### INFORMATION SHOWN
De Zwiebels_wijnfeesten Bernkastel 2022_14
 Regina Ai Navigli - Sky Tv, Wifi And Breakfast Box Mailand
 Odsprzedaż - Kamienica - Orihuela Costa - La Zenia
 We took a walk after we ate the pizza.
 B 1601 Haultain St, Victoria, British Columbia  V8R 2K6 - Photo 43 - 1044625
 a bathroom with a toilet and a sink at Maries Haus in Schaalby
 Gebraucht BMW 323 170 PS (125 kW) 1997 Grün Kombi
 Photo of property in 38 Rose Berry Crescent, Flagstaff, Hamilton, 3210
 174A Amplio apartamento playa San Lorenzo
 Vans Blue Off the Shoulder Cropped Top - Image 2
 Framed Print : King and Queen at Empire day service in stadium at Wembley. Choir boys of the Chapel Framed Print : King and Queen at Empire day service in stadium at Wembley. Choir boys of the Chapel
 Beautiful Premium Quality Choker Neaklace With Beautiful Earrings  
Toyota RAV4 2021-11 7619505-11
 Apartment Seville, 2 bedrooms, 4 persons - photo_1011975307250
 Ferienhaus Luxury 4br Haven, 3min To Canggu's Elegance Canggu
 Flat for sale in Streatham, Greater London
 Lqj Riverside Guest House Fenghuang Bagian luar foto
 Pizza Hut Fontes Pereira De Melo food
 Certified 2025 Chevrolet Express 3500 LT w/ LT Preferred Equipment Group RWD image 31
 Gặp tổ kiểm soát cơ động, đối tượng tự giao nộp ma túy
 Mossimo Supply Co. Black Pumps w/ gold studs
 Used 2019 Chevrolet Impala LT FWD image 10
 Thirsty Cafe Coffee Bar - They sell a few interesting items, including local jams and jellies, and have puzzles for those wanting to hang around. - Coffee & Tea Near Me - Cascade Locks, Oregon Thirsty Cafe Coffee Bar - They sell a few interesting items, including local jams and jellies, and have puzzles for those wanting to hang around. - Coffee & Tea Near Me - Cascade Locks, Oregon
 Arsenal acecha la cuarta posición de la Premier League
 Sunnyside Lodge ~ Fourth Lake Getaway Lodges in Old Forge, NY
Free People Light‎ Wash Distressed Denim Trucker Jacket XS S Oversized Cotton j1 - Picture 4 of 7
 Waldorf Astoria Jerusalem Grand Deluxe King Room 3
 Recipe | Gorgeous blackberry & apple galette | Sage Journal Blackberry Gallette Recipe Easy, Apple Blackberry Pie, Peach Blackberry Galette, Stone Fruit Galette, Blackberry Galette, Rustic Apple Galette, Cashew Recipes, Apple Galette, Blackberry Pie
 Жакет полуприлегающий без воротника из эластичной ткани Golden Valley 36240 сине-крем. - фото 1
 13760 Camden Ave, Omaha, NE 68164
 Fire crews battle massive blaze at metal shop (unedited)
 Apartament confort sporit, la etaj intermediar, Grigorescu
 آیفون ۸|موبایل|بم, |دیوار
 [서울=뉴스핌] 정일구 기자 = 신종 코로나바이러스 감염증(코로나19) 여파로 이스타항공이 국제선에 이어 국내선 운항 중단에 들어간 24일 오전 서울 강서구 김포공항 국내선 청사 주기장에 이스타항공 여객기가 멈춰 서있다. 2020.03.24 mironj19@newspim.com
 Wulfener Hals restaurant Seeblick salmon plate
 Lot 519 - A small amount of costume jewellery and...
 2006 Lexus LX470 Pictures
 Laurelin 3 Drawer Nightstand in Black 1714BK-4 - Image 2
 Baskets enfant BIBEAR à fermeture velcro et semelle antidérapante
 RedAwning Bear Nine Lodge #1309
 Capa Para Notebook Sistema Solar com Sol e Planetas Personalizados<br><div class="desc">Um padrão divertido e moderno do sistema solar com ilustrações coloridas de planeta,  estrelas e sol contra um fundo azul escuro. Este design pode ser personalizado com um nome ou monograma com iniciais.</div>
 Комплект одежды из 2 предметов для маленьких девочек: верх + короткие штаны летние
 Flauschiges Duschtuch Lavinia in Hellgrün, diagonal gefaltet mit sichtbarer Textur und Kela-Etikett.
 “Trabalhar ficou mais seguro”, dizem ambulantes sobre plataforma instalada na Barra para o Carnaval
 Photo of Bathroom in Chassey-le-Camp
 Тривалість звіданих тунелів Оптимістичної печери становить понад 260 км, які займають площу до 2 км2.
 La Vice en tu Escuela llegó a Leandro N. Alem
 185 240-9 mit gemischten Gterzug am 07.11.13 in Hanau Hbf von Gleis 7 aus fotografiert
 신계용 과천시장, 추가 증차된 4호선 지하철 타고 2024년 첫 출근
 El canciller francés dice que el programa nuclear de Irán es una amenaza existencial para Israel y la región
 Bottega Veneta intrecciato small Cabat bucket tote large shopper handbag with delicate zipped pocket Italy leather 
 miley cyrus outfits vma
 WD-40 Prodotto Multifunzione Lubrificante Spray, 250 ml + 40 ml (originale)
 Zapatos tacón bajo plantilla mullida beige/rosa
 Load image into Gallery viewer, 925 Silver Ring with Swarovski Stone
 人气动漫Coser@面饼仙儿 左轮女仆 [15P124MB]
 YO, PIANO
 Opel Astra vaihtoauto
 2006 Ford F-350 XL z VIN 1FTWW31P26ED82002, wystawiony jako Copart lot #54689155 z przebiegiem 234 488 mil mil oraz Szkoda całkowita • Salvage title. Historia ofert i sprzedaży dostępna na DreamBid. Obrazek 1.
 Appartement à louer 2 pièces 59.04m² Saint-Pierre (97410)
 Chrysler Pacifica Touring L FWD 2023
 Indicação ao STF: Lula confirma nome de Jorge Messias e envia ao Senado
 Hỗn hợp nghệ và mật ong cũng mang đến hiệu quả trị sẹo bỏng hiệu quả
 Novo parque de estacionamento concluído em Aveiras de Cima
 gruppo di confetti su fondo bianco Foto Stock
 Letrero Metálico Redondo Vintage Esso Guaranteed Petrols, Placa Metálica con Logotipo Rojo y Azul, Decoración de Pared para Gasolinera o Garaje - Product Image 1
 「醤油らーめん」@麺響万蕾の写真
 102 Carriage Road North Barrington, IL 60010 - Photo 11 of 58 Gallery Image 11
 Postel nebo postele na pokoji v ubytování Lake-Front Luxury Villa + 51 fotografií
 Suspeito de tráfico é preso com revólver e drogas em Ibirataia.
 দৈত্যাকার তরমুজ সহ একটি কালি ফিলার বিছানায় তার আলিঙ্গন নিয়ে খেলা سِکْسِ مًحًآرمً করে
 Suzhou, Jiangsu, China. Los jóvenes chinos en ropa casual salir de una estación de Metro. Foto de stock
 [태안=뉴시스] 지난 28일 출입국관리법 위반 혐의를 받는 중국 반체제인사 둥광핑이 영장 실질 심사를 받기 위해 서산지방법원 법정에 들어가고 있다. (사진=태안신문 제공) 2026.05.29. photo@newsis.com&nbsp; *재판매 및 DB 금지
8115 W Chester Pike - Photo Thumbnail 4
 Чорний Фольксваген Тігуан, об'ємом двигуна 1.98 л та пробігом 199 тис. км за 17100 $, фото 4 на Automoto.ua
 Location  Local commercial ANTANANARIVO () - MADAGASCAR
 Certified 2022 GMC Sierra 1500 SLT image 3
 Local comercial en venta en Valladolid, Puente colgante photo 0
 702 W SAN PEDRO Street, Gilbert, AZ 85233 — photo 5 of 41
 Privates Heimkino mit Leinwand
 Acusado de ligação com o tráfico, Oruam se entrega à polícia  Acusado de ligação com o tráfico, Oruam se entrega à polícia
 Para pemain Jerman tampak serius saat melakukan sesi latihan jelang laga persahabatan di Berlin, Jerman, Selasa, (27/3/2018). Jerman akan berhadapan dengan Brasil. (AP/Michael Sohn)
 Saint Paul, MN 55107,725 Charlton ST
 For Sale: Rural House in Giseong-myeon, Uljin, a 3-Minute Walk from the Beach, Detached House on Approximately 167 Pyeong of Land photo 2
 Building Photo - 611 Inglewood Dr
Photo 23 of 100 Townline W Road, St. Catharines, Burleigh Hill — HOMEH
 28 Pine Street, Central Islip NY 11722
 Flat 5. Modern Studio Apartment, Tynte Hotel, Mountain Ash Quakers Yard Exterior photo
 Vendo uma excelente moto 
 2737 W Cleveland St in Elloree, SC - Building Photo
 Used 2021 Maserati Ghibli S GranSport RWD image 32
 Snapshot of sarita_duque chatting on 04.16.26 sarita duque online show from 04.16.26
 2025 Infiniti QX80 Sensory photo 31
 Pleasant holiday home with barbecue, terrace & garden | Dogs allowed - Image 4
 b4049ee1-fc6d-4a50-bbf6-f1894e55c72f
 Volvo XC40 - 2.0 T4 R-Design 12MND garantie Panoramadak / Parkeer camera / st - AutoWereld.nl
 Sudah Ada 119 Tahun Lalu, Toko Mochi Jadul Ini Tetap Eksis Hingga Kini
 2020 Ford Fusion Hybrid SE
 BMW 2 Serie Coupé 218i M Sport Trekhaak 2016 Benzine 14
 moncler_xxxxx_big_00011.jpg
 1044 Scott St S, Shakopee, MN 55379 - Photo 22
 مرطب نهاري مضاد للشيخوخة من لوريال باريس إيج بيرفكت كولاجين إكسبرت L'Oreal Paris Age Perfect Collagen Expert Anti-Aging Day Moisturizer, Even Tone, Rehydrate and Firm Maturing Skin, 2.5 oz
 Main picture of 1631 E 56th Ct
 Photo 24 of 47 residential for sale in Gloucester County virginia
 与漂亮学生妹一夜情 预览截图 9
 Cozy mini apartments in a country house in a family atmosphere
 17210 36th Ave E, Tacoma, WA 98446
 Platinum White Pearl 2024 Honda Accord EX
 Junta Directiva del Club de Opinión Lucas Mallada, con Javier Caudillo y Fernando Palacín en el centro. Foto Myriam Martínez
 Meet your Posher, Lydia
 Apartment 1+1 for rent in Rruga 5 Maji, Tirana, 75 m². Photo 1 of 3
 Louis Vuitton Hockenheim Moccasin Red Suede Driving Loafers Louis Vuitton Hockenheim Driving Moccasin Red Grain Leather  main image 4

### WORK TASK
From the line with "Apartment 1+1 for" to the last line of the material, give every line again exactly, and only those lines.

### TASK OUTPUT
 Apartment 1+1 for rent in Rruga 5 Maji, Tirana, 75 m². Photo 1 of 3
 Louis Vuitton Hockenheim Moccasin Red Suede Driving Loafers Louis Vuitton Hockenheim Driving Moccasin Red Grain Leather  main image 4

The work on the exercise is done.